Sep 14, 2019 01:12AM Irishlove wrote:
Spoonie, An 18 year MS patient and a 7 month BS patient here. I do have a few ideas and recommendations. Please forgive me if I mentioned these in another post. One thing about MS, it does create some memory issues . First I found a wonderful forum from Mass. General Hospital, called Brain Forum. I made life long friends on that forum. I haven't been on it a few years now, but I believe it's still very active with info, clinical trials, etc. Next, I learned a lot about different MS drugs. I started on Copaxone, went to Mitoxantrone (a chemo drug) and one dose of Tysabri. I have been on LDN (Low dose Naltroxone) for many years. LDN is my favorite, off label and has worked very well at controlling MS attacks.
When I do have an attack that is or was significant, such as Optic Neuritis, I would be prescribed IV Solumedrol. It is proven to limit the effects and cut the time to healing of the lesions. I do not take any type of anti-fatigue med, but would highly recommend talking to neuro about that if needed. I'm very drug sensitive and if I recall, tried Provigil and did not have a great response. So listen to your body and when you are severely fatigued, climb in bed and chat on forums. lol. I suffer from insomnia greatly. I worked it out with Benadryl, doctors approval. I wean myself off every so often. I suffer from significant bladder issues, neurogenic bladder. My bladder has prolapsed and I need a pessiary ring, which I dislike, but use. I have a number of bladder infections, so I test myself and keep an antibiotic RX handy, with the urologists permission. Headaches and pain, I use Aleve and take a daily 81 mg aspirin, Vit. D, Vit. B, Cranberry capsules, Amitiza for IBS, LDN, 4mg, and Tumeric.
I learned a great deal about patience with symptoms. Pseudo attacks are a thing, so I usually give my symptoms a 3 day period of time before sounding the alarm. If you do need solumedrol, please, please make sure you are prescribed a tapering prednisone RX and follow the dosage exactly.
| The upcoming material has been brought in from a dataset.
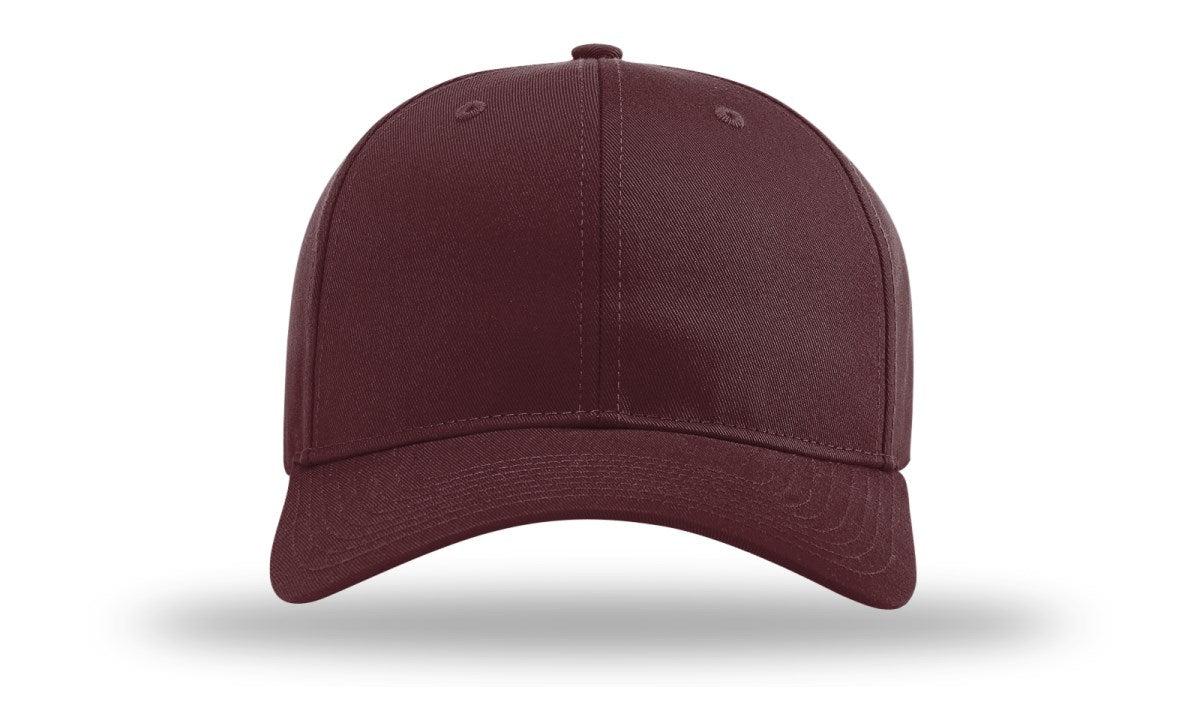 Richardson Pro Twill Hook-And-Loop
Stress is a major factor of MS symptoms. So is your food intake. Fish, fish and more fish, followed by sunshine, limit sugar and frankly due to LDN, no alcohol period. No major pain meds allowed as you will suffer a very adverse reaction and possible hospitalization, if you choose LDN.
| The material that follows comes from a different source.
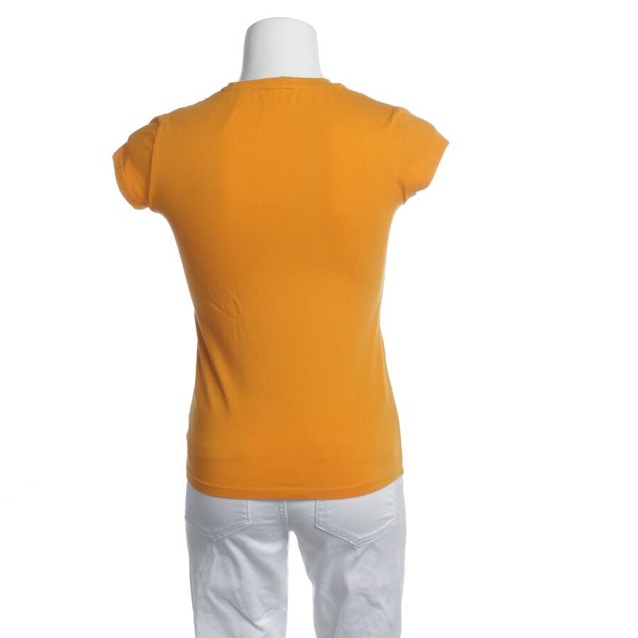 Shirt 38 Orange | Vite EnVogue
My last significant attack occurred with cancer diagnosis and mastectomy. I could not have steroids due to interfering with healing, so it's taken some time to get back to my previous baseline EDS level. I'm hoping to get there, but it may take more time. Vitamin D is usually depleted in MSers, so add that to your daily take. As for MRI's, I've stopped them. They are expensive, it is what it is and I have zero desire to change meds. I have friends with Primary Prog. MS, zero lesion load and they are far more significantly impacted by MS, then me, with a large number of lesion thru the spinal chord. So lesion load does not necessarily equate to disability. I suppose if I was severely digressing, I would consider complete MRI's and change meds, but I've already been on the big guns to knock it back, so I can walk better, not lose bladder control constantly and swallow better, though it's not perfect. Bowel control is another issues for me as the signal is interrupted. My vision has been left with deficits in the field of vision, but central vision is good. I've lost hearing and suffer from tinnitus. Nothing has helped, not even cortisone shots in the ear. Based on some cognitive difficulties, I chose to stop driving. I did pass my DL exam though, but use that license just for ID. In an emergency I could drive, but prefer not to.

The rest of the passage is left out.